No wonder then turbulence in Yemen has the senior most geriatrics of the ruling Saudi family – Abdullah, Sultan and Naif – riveted and apprehensive. Yemen is their backyard. Collectively and individually they are deeply concerned by what is happening. Each has his own favourites among Yemen’s leaders and tribes; and each also has his own opinion of how to deal with Yemen, and these differ considerably. Naif and Sultan, for example, have little time for Yemeni President Ali Abdullah Saleh. King Abdullah, on the other hand, has a good working relationship with him. But what all find insufferable is the endemic hostility of the ordinary Yemeni and his traditional contempt for Saudis.

Yemenis look down on their Saudi neighbours and their unsophisticated desert culture.

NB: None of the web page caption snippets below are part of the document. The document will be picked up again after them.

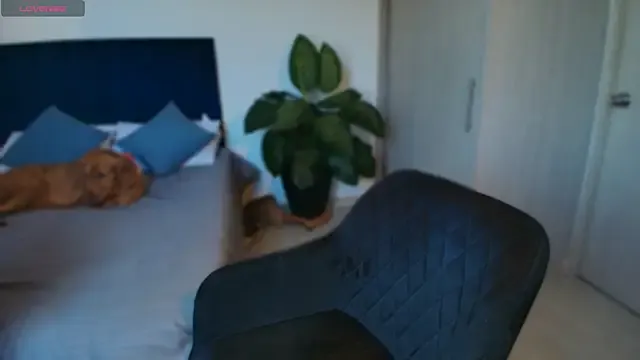 Mia032 – webcam model profile photo Image 5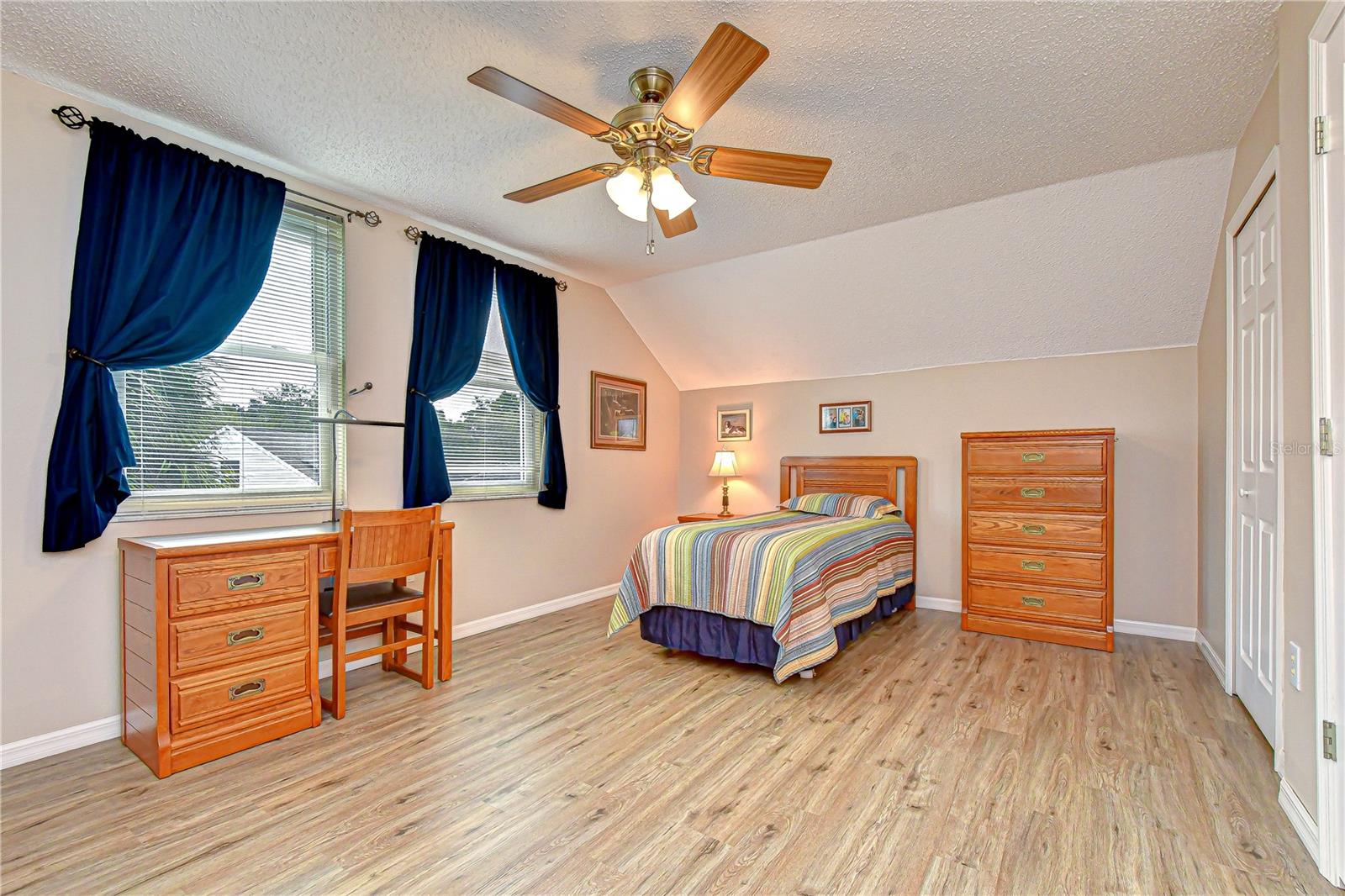 Image 16 of 33 For 707 Orchard Isle Court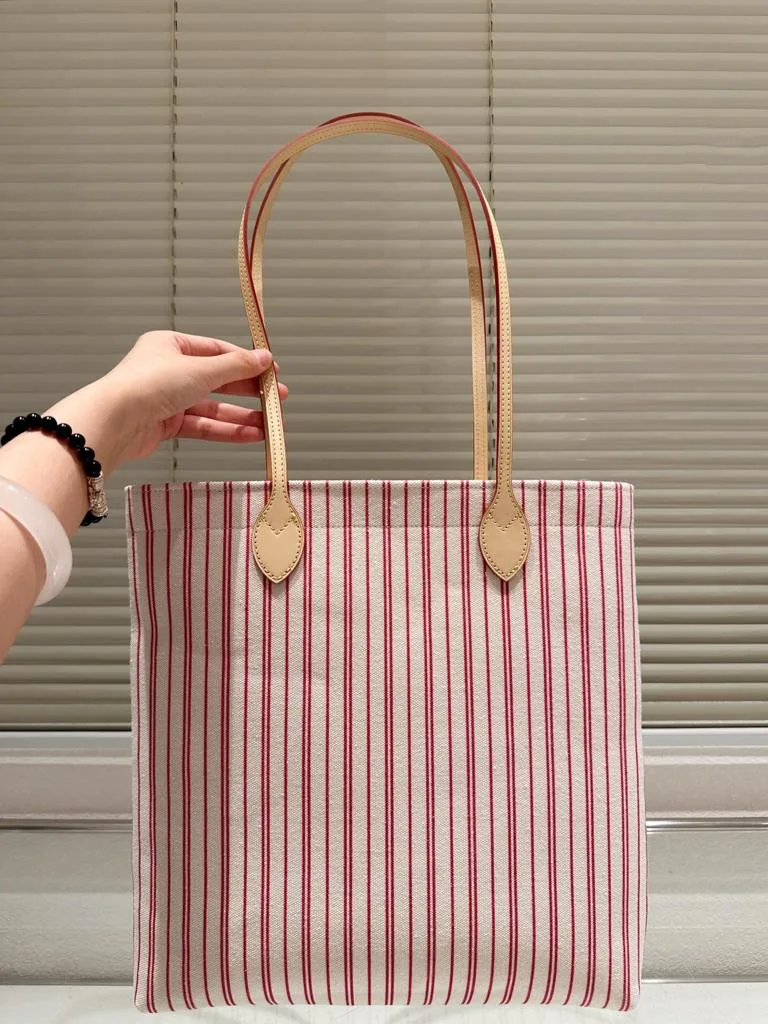 Louis Vuitton Carry It Beige Plum / - Image 3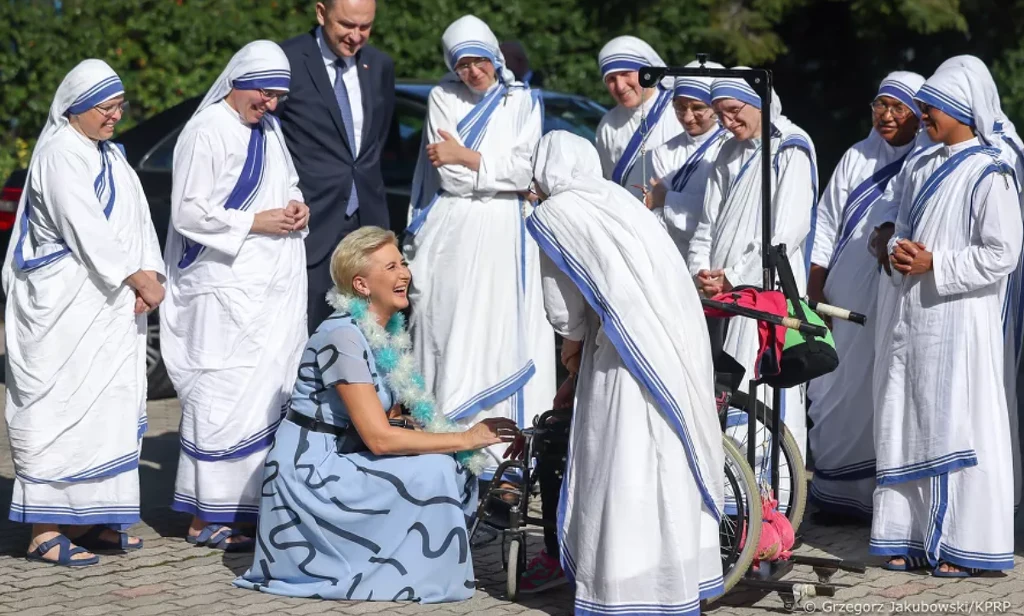 Agata Kornhauser-Duda z wizytą w u Sióstr Misjonarek Miłości Agata Kornhauser-Duda z wizytą w u Sióstr Misjonarek Miłości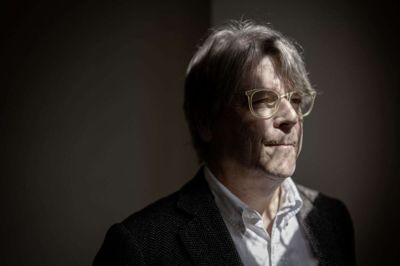 Peter Lund Madsen var kendt for at kunne formidle ofte svært tilgængelige videnskabelige emner på en letforståelig og underholdende måde. (Arkivfoto).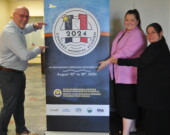 À gauche, Martin Théberge, président de la SNA, et à droite, Émilie Caissie et Sévan Bédikian, encouragent les gens à participer au prochain Congrès mondial acadien.  &mdash; PHOTO: Richard Landry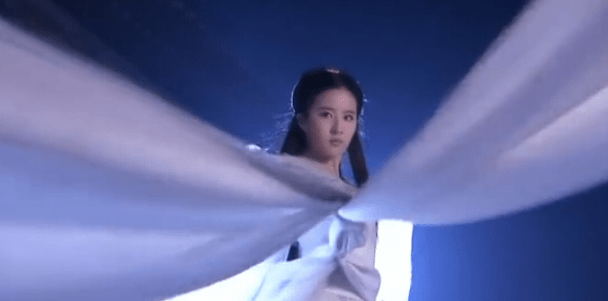 古装女子的绸缎武器从哪来?拆外衣,扯腰带可以忍,咋还凭空闪现
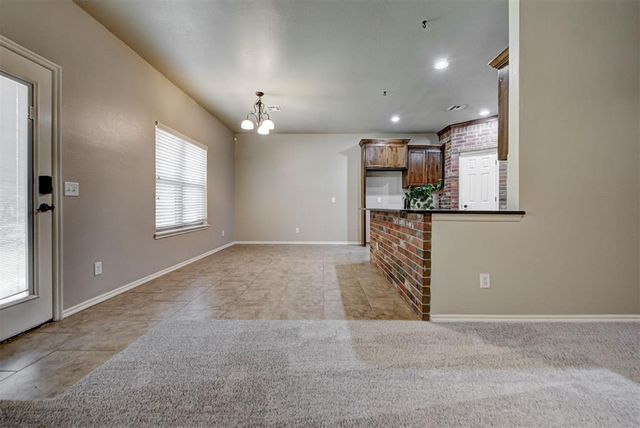 809 Breezy Hill Road, Edmond, OK 73025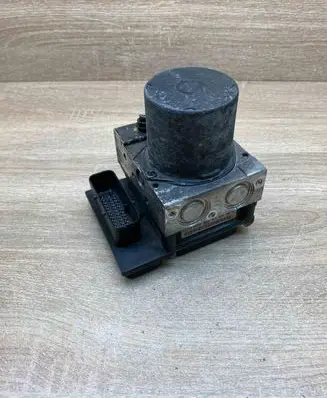 BMW 5 E60 E61 ABS Pump 6758743 0265234434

They believe Yemen is the cradle of Arab civilisation and the birthplace of the Arabic language. They proudly claim Yemen to be the first country to convert to Islam and allude to a mosque in Sana whose construction Hazrat Ali reportedly supervised. Hence, they have little time for Saudi pretensions about being the font of Islam.

To complicate the situation they consider their neighbours effete, lazy, even cowardly and insufferably conceited. The al Houthi tribe of the (Shia) Zaidi sect have incessantly raided Saudi territories. Their links with the shias in the southern Saudi provinces of Najran and Jizan are strong and were they to emerge more powerful as a result of the current unrest in Yemen this would embolden the shia in Saudi Arabia’s oil rich Eastern Province bordering Bahrain to step up their agitation against Riyadh, backed possibly by Iran. Such a scenario deeply worries the Saudis as it would threaten Saudi Arabia and provide the use of Yemen as a base for staging attacks on the Kingdom. To make matters worse, armour and sophisticated Saudi weaponry is useless in the mountainous terrain of north Yemen where the al Houthis, like the Taliban, are masters of mountainous guerrilla warfare.

Needless to say, not all tribes which are members of the Hasid and Bakil confederation of tribes of north Yemen feel the same. The influential al Ahmer clan of the Hashid tribe is staunchly pro Saudi. However, most other clans and tribes, especially those of south Yemen, are at best indifferent; and it is only a small step from indifference to outright hostility.

Latest reports suggest Saleh, seeing the writing on the wall, is prepared to quit. Washington has belatedly come to the same conclusion and has conveyed to Saleh that he is no longer a part of a solution. The two Saudi princes and the king also seem to have finally concluded Saleh’s ship wrecked presidency is beyond salvaging. But all of them and especially the Americans are understandably apprehensive as to what will happen and who will follow him.

Saleh wants to be succeeded by his vice president who is a nonentity and an acolyte, but to the protestors anyone associated with the Saleh regime is unacceptable. Jihadists, Islamists and conservative tribesmen, who prevailed in the civil war against Marxist south Yemen, feel power should rightly devolve on them and specifically Saleh’s brother- in- law, Mohsen al Ahmar, under whose command they fought and who has deserted Saleh. However, according to one American sponsored publication, the US feels otherwise. It lays the blame for the largely unsuccessful US backed counter terrorist campaign against al Qaeda in Yemen on their inclusion in the security apparatus.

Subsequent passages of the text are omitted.